30 november 2010

Afsluitend colloquium Internationaal NWO-project Early Child Bilingualism: Bilingual first language acquisition or child second language acquisition?
plaats: Meertens Instituut, Symposiumzaal
tijd: 14.30 – 17.00 uur

On 30 November a mini-colloquium will be organized to mark the end of the  project Early Child Bilingualism:  Bilingual first language acquisition or child second language acquisition? that is part of the international NWO-program ‘Language Acquisition and Multilingualism’. The lectures will be given by Froso Argyri & Ianthi Tsimpli, Theodoris Marinis, Antonella Sorace, and Sharon Unsworth.

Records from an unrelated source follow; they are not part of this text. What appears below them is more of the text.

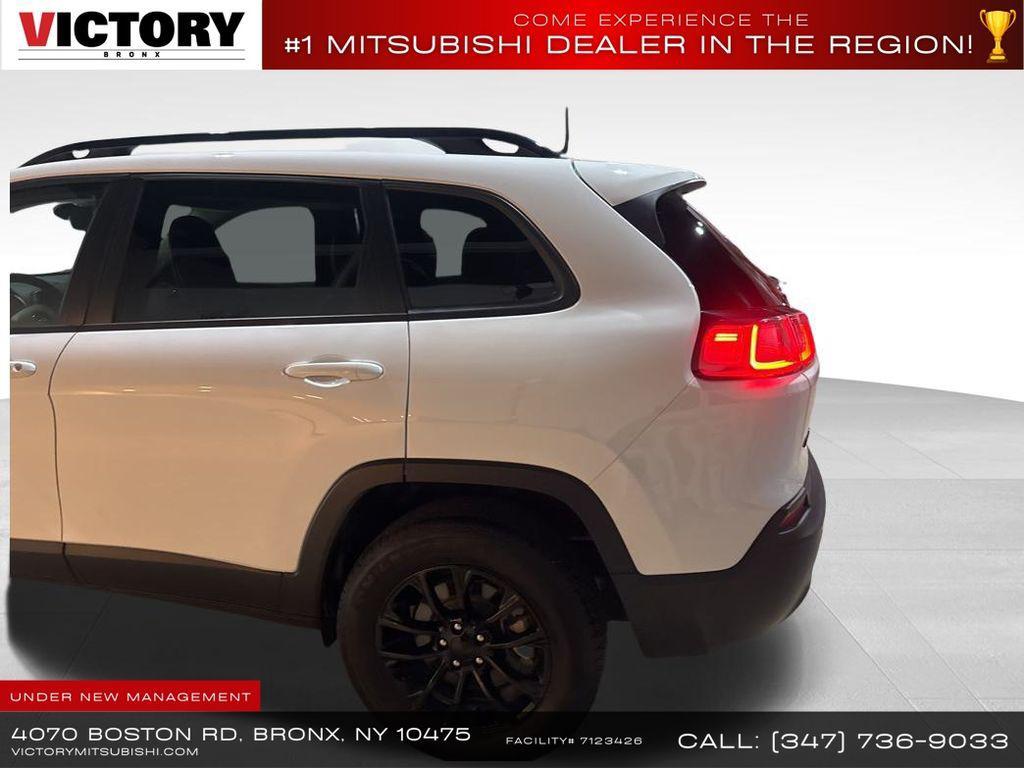 used 2023 Jeep Cherokee car, priced at $17,995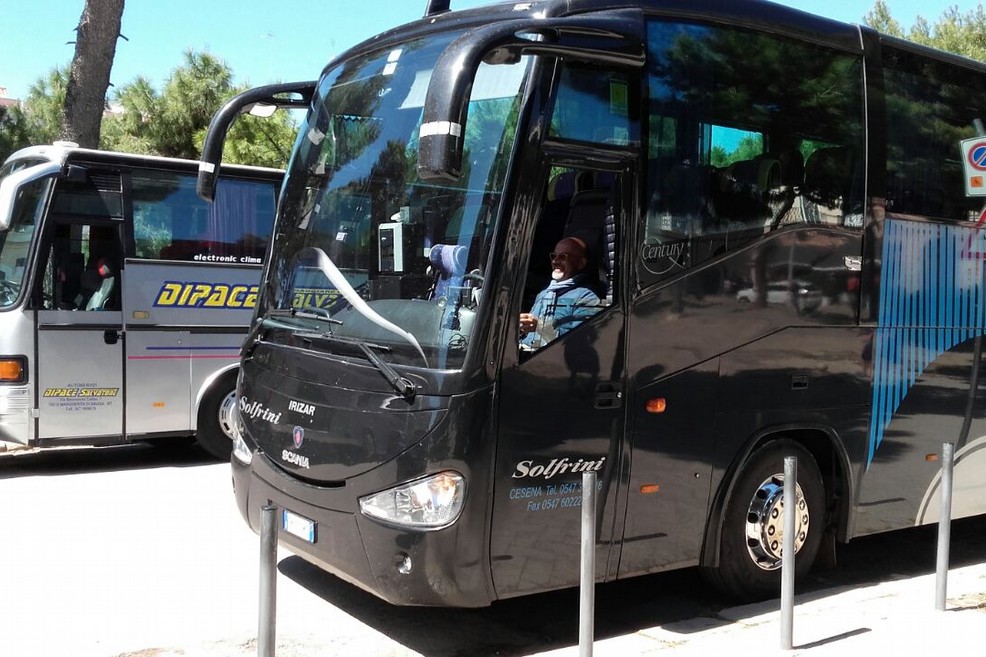 Bus in Piazza Gradenico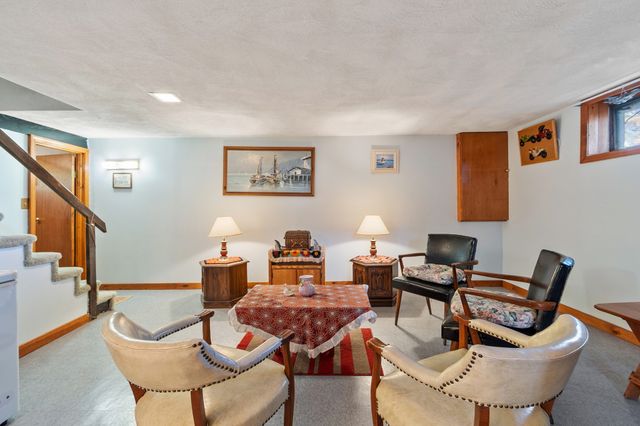 54 River St, Billerica, MA 01821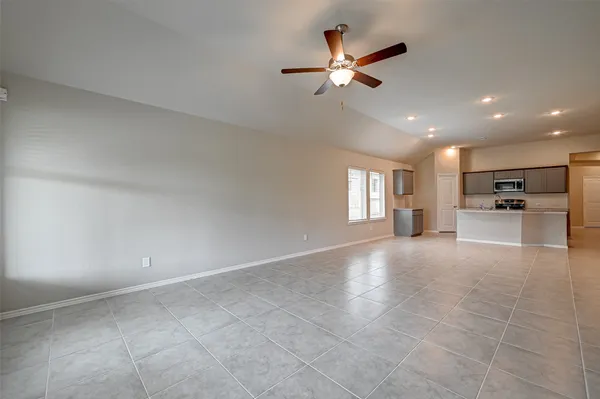 $2,500 | 3110 Rising Fir Lane, Conroe, TX 77385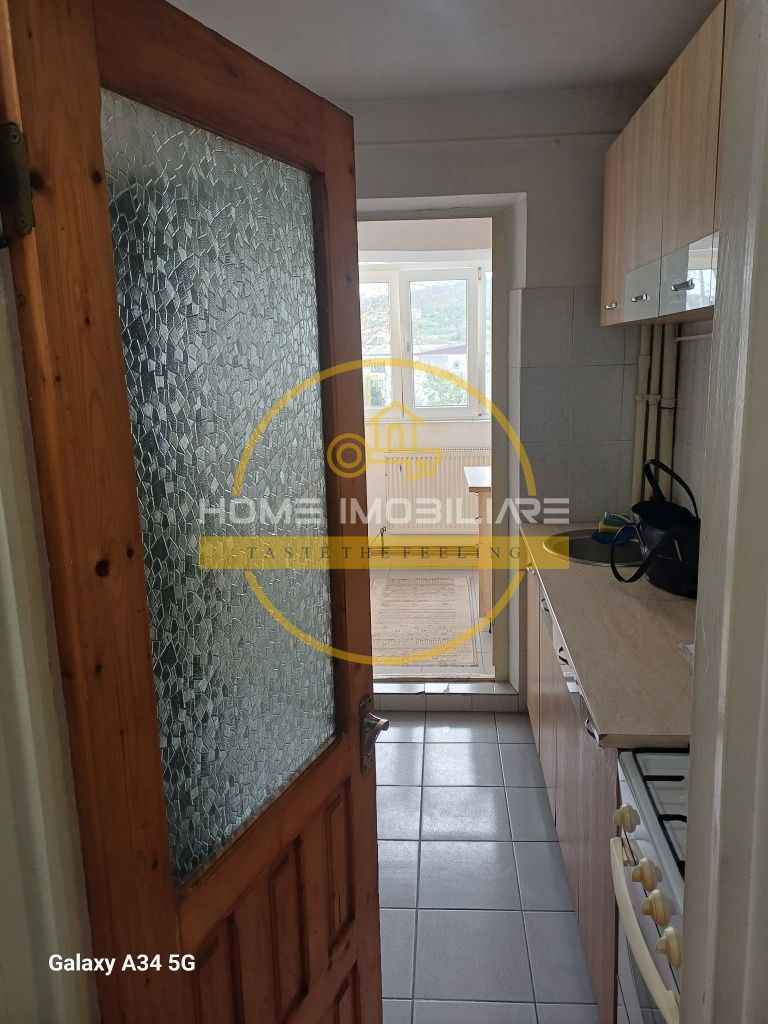 Apartament cu 2 camere/ 43mp/ zona Alexandru cel Bun - Poză 3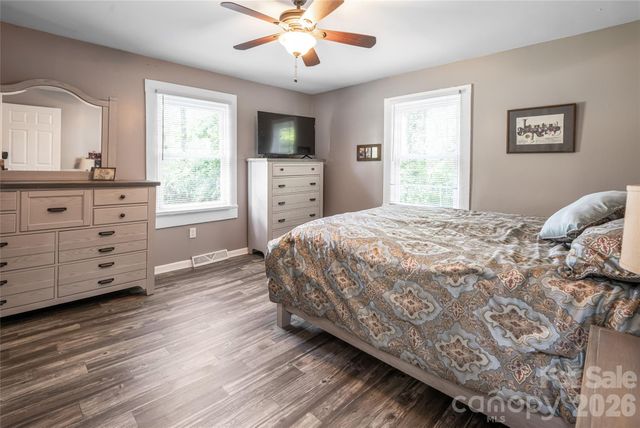 345 Lower Grassy Branch Road, Asheville, NC 28805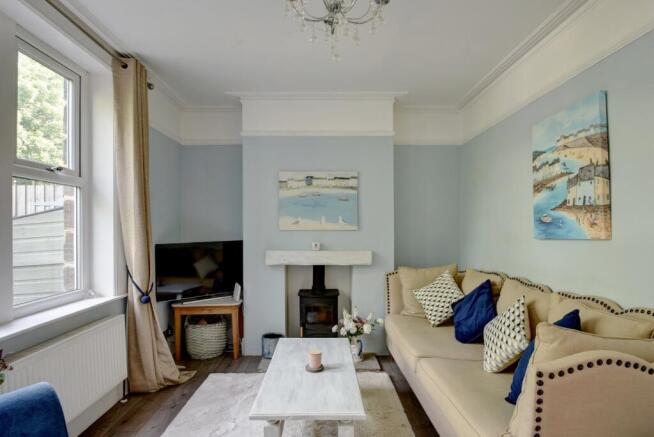 3 bed Terraced to rent Image 5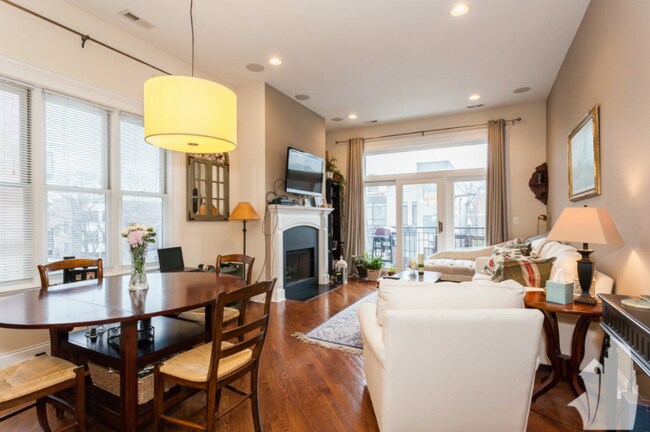 Photo - 2910 N Halsted St Unidad 302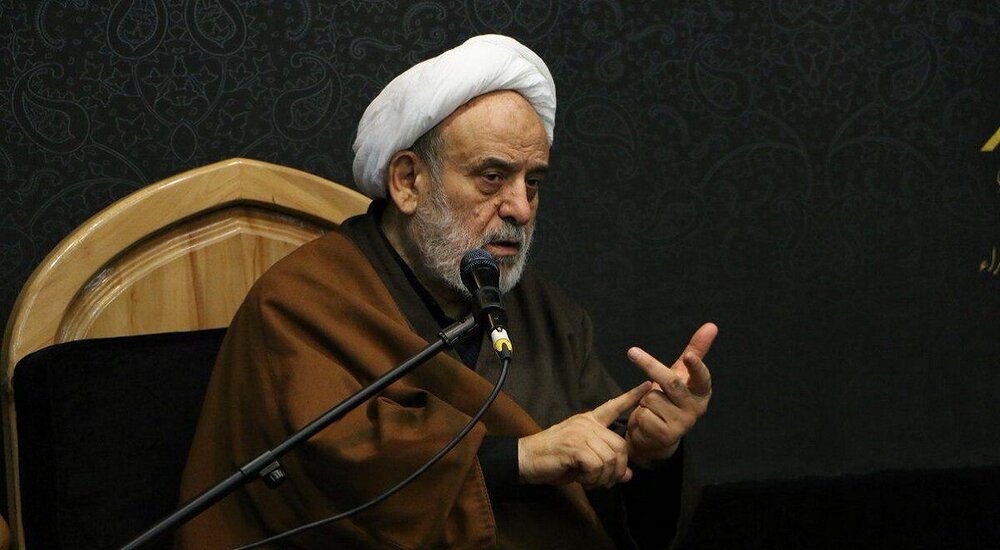 آیین تجلیل از شیخحسین انصاریان برگزار میشود آیین تجلیل از شیخحسین انصاریان برگزار میشود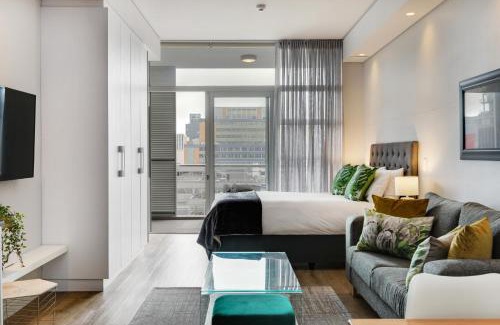 Cape Town City Centre Apartment | Backup-Power Eco Balcony Apartment near Table Mountain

When: Tuesday 30 November 2010

Time: 2.30 – 5.00 pm + drinks afterwards

Location: Meertens Instituut: Symposiumzaal


Program:


2.30 – 3.00 p.m.            Froso Argyri and Ianthi Tsimpli                                
3.00 – 3.30 p.m.            Sharon Unsworth
3.30 – 4.00 p.m.            break
4.00 – 4.30 p.m.            Theodoris Marinis
4.30 – 5.00 p.m.            Antonella Sorace


Froso Argyri and Ianthi Tsimpl
i

The University of Edinburgh & Aristotle University of Thessaloniki

Bilingual acquisition of Greek Gender and Voice: morphology in the sound and the (lexical) meaning interfaces

We report on production data on gender and voice in English-Greek simultaneous, early and late successive bilingual children. The motivation is twofold. Developmentally, monolingual Greek children acquire gender attribution and agreement earlier than (non-active) voice marking. Syntactically, gender is an (uninterpretable) intrinsic feature of the Noun’s entry triggering agreement with Det and Adj while the voice morpheme is an interpretable feature affecting the verb’s transitivity. Although both features affect the computation and have a phonological realisation, gender has no effect on the semantic interface while voice directly affects the (internal) lexicon-syntax interface.            

The findings are summarised as follows: a) bilingual gender production data show differences between simultaneous and successive bilinguals while voice production data don’t; b) accuracy in voice production is higher than in gender production; c) L1 children don’t differ from 2L1 in gender production accuracy but do in voice production.   


Sharon Unsworth

Utrecht University/Meertens Instituut

Assessing the role of input quantity and quality in bilingual acquisition

Considerable individual variation exists amongst simultaneous and sequential bilingual children in terms of their rate and patterns of linguistic development and the amount and type of exposure they receive. This paper reports on a comprehensive assessment of different exposure variables and their impact on the linguistic development of English/Dutch bilingual children.  


Theodoris Marinis

University of Reading

Production of gender and processing of gender mismatch in Dutch and Greek sequential bilingual children

In this talk we will present preliminary data on the production and processing of gender in 6-to-9 year old sequential bilingual children with Turkish as their first language (L1) and Dutch or Greek as their second language (L2) compared to monolingual controls. This is part of a large project investigating production and processing in sequential bilingual children compared to monolingual children with and without Specific Language Impairment.

The L1 and L2 children participated in production tasks investigating gender assignment and in self-paced listening tasks investigating the children’s sensitivity to gender mismatch between the determiner and the noun. The results showed important differences between L1 and L2 children in both languages, but also cross-linguistic differences between Dutch and Greek in gender assignment, and also in the sensitivity of gender mismatch between determiner and noun. The cross-linguistic differences between Dutch and Greek will be discussed in relation to the properties of the gender system in the two languages.


Antonella Sorace

The University of Edinburgh

Input and age in early bilingualism: linguistic approaches in an interdisciplinary framework

The Early Child Bilingualism project has revealed important interactions among factors such as age of onset of bilingualism in childhood, quality versus quantity of input, cross-linguistic influence, structural characteristics of particular linguistic phenomena, and type of interface conditions. I will outline how combining insights from theoretical linguistics and models of general cognition may allow us to better explore these interactions.